Die Freunde weilten am Fluß. Sie bereiteten den Schoner vor, um im Fall eines plötzlichen Angriffs von Serima her sofort abfahren zu können. Natürlich unterbrachen sie die Arbeit und eilten herbei. Als Lasana geholt worden war, versicherten wir uns, daß wir allein in der Hütte waren, dann berichtete Arasybo noch einmal von seiner Entdeckung. Den Gefährten erging es genau wie mir. Zunächst waren sie wie betäubt, dann aber erfaßte sie ein wilder Freudentaumel. Uns allen fiel ein schwerer Stein vom Herzen, gleichzeitig aber wurde uns bewußt, daß uns die schwerste Aufgabe noch bevorstand: die Auseinandersetzung mit dem Zauberer. Ein Kampf auf Leben und Tod.

„Auf den Tod! Auf seinen Tod!” wiederholte Manauri mit zusammengebissenen Zähnen.

Wir kamen zu dem Schluß, daß Karapana dem Kind jede zweite oder dritte Nacht ein frisches Kumarawablatt untergeschoben habe, und da das gefundene Blättchen schon vertrocknet war, erwarteten wir ihn in dieser Nacht.

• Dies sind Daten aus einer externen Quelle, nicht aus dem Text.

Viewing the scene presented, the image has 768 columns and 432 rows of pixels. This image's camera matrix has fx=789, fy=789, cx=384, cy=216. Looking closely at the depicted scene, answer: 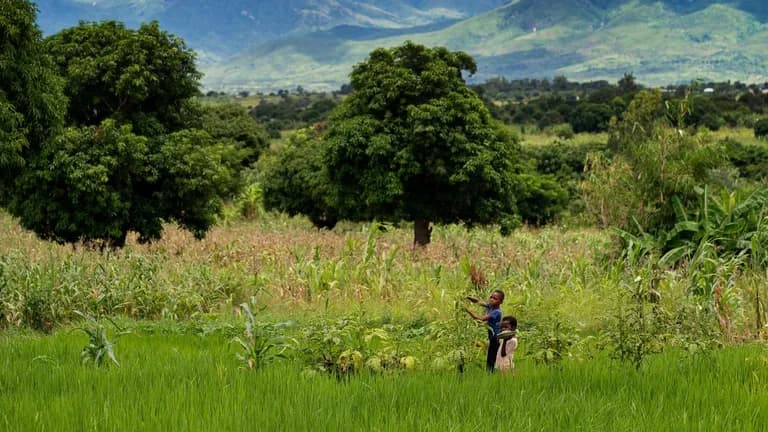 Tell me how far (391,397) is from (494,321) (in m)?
1.22

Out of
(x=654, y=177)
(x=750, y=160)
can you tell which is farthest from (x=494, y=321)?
(x=750, y=160)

Daher beschlossen wir, zu zweit zu wachen und uns um Mitternacht abzulösen.

„Du bist davon ausgeschlossen, Jan”, ordnete Manauri an. „Deine Wunde ist noch nicht verheilt.”

Tatsächlich war ich noch nicht im vollen Besitz meiner Kräfte, doch konnte ich in diesem entscheidenden Augenblick nicht abseits stehen und wurde deshalb als dritter der ersten Wache zugeteilt, die Arnak und Arasybo übernommen hatten.

„Noch eines gilt es zu beschließen”, sagte der Häuptling nach längerem Überlegen. „Es ist eine einzigartige Gelegenheit, ihn umzubringen. Wir müssen ihn töten!”

„Wir müssen es”, zischte Arasybo.

„Ist jemand dagegen?” fragte Manauri und sandte einen unruhigen Blick zu mir herüber.

Arnak und Wagura schüttelten zum Zeichen ihres Einverständnisses schweigend den Kopf, ich tat das gleiche. Es blieb keine andere Wahl mehr als sein Tod.

„Erlaubt mir, daß auch ich mich an der Wache beteilige”, bat Lasana.

„Ja, auch du sollst wachen”, antwortete Manauri. „Aber nicht mit uns auf dem Hof, sondern in eurer Hütte, bei deinem Kinde.”

Niemand, auch nicht die nächsten Angehörigen, durfte von unserem Vorhaben erfahren. Lasana erhielt den Auftrag, die Matte des Kindes zu verbrennen und ihm an einer anderen Stelle der Hütte ein neues Lager zu bereiten, aber so, daß ihre Mutter nichts Absonderliches daran finde.

Gegen Abend ging ein kurzer, aber starker Regenguß nieder.

Als der Regen aufhörte, war der Himmel immer noch mit Wolken überzogen. Wir befürchteten, daß es in der Nacht sehr dunkel sein werde, als aber der Mond über den Wolken aufging, hellte sich das Dunkel etwas auf.